Inter-rater reliability and Many-Facet Rasch Measurement

I just finished reading the book entitled "Introduction to Many-Facet Rasch Measurement" by Thomas Eckes. In this book, Mr. Thomas Eckes argues that the classical approach to inter-rater reliability that consists of training the raters and measuring their extent of agreement until they reach an acceptable level does not really work.  It is because no matter how much training the raters received, they will still not be interchangeable. A residual intrinsic disagreement will remain among the raters, some of them being more stringent than others in their approach to rating.

The solution that Mr. Eckes proposes is to develop statistical models that describe the different facets of the inter-rater reliability experiment, such as the rater facet, the subject facet and possibly other facets.  These statistical models will then be used to make some adjustments to the ratings so that the subjects supposed to be humans can get a fair test.  This adjustment will supposedly not penalize the subjects who were unlucky enough to be rated by the more severe raters.

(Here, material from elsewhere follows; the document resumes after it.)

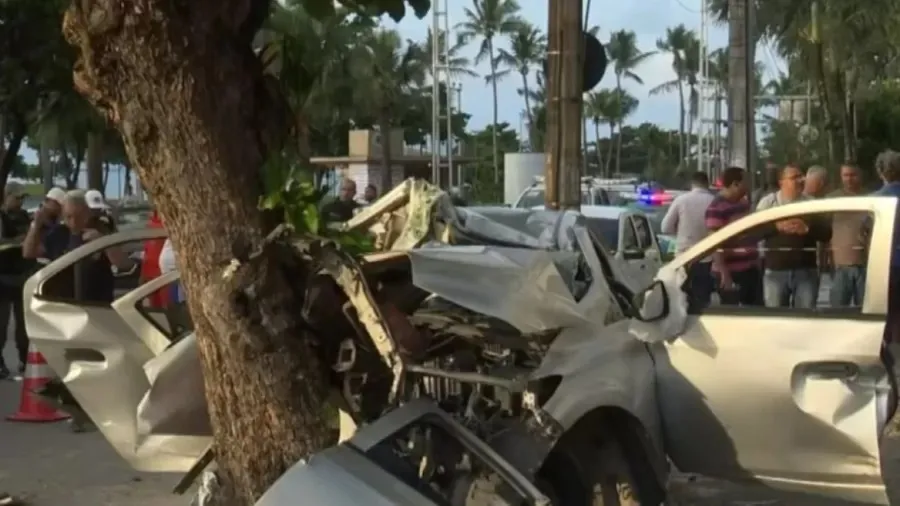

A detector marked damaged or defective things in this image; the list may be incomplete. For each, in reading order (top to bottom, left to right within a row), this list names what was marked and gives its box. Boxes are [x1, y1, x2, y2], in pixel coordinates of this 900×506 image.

destroyed white car [24, 183, 896, 506]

I must say I did like this book very much in the way the author describes the different issues associated with an inter-rater reliability experiment.  The presentation of these issues by the author is very instructive and is done with considerable clarity.  That alone justifies the investment in time and money one can make on this book.  However, I have always been somehow skeptical about the use of theoretical statistical models for the purpose of making important practical decisions, especially decisions involving human subjects.  As a matter of fact, even if the raters introduce some bias in the ratings, two statisticians will probably not recommend the same statistical models either.  Using these models to adjust the ratings may only be adding the statistician bias that could compound with the rater bias to produce an outcome that can hardly be seen as more reliable. The statistical models can always help the researcher gain more insight into a reality with powerful modelling tools, but cannot and should not be seen as an expression of that reality.   Nevertheless, this book is remarkably well written, and should certainly be useful to anyone interested in the topic of inter-rater reliability.    

[1] Eckes, Thomas. (2011). Introduction to Many-Facet Rasch Measurement. Peter Lang, ISBN: 978-3-631-61350-4.